In tale contesto e fatta tale premessa, rappresenta una fattispecie molto interessante, per i profili tributari del trust, la gestione di quote di partecipazioni societarie, cioè il caso in cui il patrimonio conferito è dato da quote di partecipazione.
Poniamo il caso in cui, il bene conferito in trust anziché essere, ad esempio, un patrimonio di natura immobiliare sia rappresentato da una partecipazione nel capitale di una società. Cosa succede in questo caso? Il trust diventa imprenditore?
La questione rileva in quanto, solitamente, il trust è fiscalmente assimilato ad un ente non commerciale, a meno che non svolga un’attività commerciale. Sotto questo aspetto, si deve tener presente che, secondo una prevalente giurisprudenza (1), da un certo punto di vista, “il semplice possesso di partecipazioni, anche di controllo, non è sufficiente a configurare un’attività economica del soggetto che detiene tali partecipazioni, quando tale possesso dà luogo soltanto all’esercizio dei diritti connessi alla qualità di azionista o socio nonché, eventualmente, alla percezione dei dividendi, semplici frutti della proprietà di un bene”; da un altro punto di vista, invece, “un soggetto che, titolare di partecipazioni di controllo in una società, eserciti effettivamente tale controllo partecipando direttamente o indirettamente alla gestione di essa, deve essere considerato partecipe dell’attività economica svolta dall’impresa controllata”, e, quindi deve essere considerato, a tale titolo, un’impresa ai sensi dell’art. 87, n. 1, CE (Corte di Giustizia, sentenza C-222/04 del 10 gennaio 2006, punti 111-113)”. Pertanto, “anche la detenzione di partecipazioni, 1. Corte di Cassazione n. 1576/2009. quando si traduce in un vero e proprio controllo, dà luogo ad esercizio di impresa.

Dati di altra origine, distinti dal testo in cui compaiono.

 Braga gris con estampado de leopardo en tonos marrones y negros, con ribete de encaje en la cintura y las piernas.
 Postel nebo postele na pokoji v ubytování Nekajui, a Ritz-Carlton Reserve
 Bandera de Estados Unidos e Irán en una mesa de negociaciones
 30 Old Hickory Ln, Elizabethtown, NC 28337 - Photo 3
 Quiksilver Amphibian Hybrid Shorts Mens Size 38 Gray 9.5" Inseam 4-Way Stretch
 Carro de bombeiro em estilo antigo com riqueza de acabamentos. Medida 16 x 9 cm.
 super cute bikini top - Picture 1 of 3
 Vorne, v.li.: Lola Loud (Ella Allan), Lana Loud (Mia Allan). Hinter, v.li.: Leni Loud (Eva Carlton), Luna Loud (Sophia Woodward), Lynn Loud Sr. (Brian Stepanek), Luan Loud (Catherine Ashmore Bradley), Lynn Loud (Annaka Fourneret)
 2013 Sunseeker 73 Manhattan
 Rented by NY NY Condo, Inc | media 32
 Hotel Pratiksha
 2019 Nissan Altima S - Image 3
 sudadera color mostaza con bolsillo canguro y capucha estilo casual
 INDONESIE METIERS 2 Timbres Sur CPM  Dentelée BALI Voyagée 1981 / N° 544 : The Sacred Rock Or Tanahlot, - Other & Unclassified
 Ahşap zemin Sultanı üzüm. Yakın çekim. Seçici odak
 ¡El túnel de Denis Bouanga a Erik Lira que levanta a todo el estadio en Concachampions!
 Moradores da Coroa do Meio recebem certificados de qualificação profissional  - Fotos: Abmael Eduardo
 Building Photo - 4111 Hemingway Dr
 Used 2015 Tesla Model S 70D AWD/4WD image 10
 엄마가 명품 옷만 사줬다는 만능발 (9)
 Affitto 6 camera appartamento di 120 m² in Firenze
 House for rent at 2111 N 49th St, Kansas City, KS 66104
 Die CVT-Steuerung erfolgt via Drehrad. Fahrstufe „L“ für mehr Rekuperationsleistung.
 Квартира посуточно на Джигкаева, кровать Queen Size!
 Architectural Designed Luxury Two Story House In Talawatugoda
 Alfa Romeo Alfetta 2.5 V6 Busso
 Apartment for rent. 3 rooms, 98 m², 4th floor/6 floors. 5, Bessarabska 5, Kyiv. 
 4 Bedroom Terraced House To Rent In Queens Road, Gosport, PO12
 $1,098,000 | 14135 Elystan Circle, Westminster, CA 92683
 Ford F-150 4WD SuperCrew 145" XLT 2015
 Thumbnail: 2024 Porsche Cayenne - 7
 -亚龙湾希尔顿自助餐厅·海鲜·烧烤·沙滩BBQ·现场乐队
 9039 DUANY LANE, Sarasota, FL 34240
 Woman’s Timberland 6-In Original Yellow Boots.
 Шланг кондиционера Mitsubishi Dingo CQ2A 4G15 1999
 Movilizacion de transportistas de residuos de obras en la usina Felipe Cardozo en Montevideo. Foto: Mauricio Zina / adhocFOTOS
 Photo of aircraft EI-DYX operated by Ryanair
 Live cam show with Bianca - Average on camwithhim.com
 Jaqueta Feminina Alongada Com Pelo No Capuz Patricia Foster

Quindi la detenzione del capitale di controllo di una società di capitali pone a carico del soggetto detentore una presunzione di esercizio di attività di direzione nei confronti della società partecipata anche nel caso in cui questo sia un trust, cioè un ente presuntivamente non commerciale. E non è importante, ai fini fiscali, l’eventuale assenza di un’apposita organizzazione in quanto “La nozione tributaristica dell’esercizio di imprese commerciali non coincide con quella civilistica, giacché il D.P.R. 22 dicembre 1986, n. 917, art. 51, intende come tale l’esercizio per professione abituale, ancorché non esclusiva, delle attività indicate dall’art. 2195 c.c., anche se non organizzate in forma di impresa, e prescinde quindi dal requisito organizzativo, che costituisce invece elemento qualificante e imprescindibile per la configurazione dell’impresa commerciale agli effetti civilistici, esigendo soltanto che l’attività svolta sia caratterizzata dalla professionalità abituale, ancorché non esclusiva”. In conclusione, un trust che eserciti in autonomia la direzione e coordinamento della società controllata potrebbe anche essere assimilato ad un ente commerciale, con i conseguenti adempimenti fiscali e anche di natura contabile.